La section suisse de Reporters sans frontières (RSF) s’oppose à l’initiative parlementaire « Inscription dans la Constitution d’un article sur les médias » dont le Conseil des Etats doit débattre ce mercredi 2 décembre. Sous couvert de bonnes intentions, le texte proposé porte atteinte à la liberté de la presse (Photo Keystone-ATS: Stefan Engler (PDC/GR) et la présidente de la Confédération Simonetta Sommaruga lors du débat sur l’aide à la presse au Conseil des Etats, 4 mai 2020).

Lancée par l’ancien conseiller aux Etats Filippo Lombardi (PDC/TI), reprise par son collègue de parti valaisan Beat Rieder, l’initative parlementaire 18.473 entend clarifier et étendre les compétences de la Confédération dans le domaine des médias et singulièrement de l’aide aux médias. Le nouvel article constitutionnel proposé donnerait à l’Etat fédéral le pouvoir de légiférer sur l’ensemble des médias, quel que soit leur support technologique ou de diffusion.
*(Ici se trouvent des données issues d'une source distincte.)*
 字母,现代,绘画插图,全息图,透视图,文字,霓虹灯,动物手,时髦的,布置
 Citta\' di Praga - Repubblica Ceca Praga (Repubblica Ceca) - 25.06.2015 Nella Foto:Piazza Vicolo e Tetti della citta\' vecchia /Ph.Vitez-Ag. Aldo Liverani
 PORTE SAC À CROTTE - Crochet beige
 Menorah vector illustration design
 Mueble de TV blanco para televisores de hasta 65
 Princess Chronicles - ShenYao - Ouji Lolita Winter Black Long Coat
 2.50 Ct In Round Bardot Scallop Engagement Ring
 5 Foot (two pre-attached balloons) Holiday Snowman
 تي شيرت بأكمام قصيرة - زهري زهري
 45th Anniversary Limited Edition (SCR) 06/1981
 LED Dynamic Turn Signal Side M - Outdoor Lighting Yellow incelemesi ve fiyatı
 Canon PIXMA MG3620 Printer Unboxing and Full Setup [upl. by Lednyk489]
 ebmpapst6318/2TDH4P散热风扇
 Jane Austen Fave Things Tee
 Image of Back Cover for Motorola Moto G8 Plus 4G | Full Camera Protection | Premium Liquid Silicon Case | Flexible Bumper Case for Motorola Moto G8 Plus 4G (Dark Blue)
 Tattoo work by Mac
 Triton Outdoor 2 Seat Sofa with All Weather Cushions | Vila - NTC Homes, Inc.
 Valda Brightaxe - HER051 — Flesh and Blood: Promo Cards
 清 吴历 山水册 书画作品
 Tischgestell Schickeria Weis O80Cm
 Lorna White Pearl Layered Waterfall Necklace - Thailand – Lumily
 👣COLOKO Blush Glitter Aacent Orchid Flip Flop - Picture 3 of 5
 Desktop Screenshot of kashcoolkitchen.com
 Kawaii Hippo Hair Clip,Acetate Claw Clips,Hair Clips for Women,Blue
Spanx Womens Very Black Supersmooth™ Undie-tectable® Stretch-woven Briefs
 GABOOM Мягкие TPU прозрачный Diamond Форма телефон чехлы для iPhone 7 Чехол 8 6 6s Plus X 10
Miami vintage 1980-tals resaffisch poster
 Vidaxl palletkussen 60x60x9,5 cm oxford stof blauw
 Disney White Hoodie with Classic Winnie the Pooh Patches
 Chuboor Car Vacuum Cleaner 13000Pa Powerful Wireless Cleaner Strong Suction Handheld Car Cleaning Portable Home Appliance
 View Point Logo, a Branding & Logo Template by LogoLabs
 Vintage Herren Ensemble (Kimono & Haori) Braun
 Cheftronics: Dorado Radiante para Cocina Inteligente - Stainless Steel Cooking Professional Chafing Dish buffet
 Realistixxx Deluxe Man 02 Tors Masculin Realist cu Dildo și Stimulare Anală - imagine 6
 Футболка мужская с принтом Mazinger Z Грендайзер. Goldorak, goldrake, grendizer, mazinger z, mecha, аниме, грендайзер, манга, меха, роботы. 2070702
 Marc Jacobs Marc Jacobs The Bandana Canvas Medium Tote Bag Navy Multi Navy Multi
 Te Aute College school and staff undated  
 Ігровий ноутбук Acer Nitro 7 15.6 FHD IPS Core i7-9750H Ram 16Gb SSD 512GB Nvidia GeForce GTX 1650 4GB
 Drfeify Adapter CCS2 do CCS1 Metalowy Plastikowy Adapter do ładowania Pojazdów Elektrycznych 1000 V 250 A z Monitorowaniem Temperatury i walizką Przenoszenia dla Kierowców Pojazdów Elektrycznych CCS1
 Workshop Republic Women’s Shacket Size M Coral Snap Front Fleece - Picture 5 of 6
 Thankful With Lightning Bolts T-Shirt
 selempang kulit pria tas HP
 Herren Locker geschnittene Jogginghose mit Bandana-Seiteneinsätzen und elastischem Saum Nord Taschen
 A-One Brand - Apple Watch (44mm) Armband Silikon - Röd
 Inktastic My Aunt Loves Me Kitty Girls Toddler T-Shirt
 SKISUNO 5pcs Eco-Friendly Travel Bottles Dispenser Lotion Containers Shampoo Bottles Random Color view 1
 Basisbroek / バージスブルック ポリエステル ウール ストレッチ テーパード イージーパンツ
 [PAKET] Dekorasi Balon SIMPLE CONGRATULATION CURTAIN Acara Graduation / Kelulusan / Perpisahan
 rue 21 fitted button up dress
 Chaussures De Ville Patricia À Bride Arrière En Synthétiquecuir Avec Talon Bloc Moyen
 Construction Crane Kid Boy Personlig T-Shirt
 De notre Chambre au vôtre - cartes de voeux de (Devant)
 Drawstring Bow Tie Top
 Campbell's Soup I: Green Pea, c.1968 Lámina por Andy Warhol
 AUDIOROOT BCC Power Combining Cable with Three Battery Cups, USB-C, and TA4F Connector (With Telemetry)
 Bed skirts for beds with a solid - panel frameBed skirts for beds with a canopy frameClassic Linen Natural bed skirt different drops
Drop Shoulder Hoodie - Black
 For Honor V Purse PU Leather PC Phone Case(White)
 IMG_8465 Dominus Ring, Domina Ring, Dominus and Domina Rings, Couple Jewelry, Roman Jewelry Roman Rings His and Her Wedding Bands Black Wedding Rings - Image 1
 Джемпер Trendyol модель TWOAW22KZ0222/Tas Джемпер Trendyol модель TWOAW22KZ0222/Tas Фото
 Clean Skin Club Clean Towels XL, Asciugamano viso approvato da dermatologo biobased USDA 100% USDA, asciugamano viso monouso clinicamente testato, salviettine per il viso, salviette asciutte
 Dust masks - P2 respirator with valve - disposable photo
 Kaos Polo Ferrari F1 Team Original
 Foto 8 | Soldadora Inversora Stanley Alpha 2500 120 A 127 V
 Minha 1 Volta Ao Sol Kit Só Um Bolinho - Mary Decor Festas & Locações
Il permettrait à la Confédération de fournir une aide directe aussi bien à la presse imprimée – ce qui est impossible actuellement – qu’aux médias en ligne et audiovisuels. RSF Suisse soutient cet objectif et reconnaît que les bases constitutionnelles actuelles, dont l’origine remonte à une époque antérieure à l’arrivée du web, ne correspondent plus à la réalité du 21e siècle.

Toutefois, pour nécessaire qu’elle soit, l’aide aux médias ne doit pas servir de prétexte pour restreindre la liberté de la presse. Or, le texte qui doit être débattu par le Conseil des Etats y porte une atteinte inacceptable. Il propose en effet de soumettre la presse, sans la moindre justification, au même mandat de prestation que celui qui incombe aujourd’hui à la radio et à la télévision, spécialement aux programmes de service public. Cela signifie que les journalistes de la presse écrite pourraient se voir imposer des contraintes analogues : mandat culturel, représentation de la diversité des opinions, présentation fidèle des faits, etc. Avec, à la clé, les mêmes contrôles juridiques possibles sur les contenus publiés.

Cette approche doit être fermement rejetée. L’article constitutionnel actuel sur la radio et la télévision repose sur l’idée que l’Etat régule et pourvoit au financement d’un segment seulement du secteur médiatique, l’audiovisuel, pour des raisons propres à celui-ci, liées notamment à la position dominante de la SSR et à son pouvoir d’influence. La presse, elle, dans les limites du droit commun, reste à l’abri de tout droit de regard des pouvoirs publics sur sa production éditoriale.

Il doit continuer à en être ainsi. Le mandat de la radio et de la télévision ne peut être étendu à l’ensemble des médias sans bouleverser complètement les conceptions admises jusqu’ici et sans menacer la liberté de la presse. La réflexion sur une éventuelle révision de la Constitution doit se poursuivre sur de tout autres bases. En outre, elle ne doit pas retarder la nécessaire adoption des bases légales nécessaires à la mise sur pied d’un soutien étendu aux médias, dans le cadre certes restreint mais de loin pas inexistant des compétences fédérales actuelles.

Pour toutes ces raisons, RSF Suisse appelle le Conseil des Etats à rejeter l’initiative parlementaire 18.473.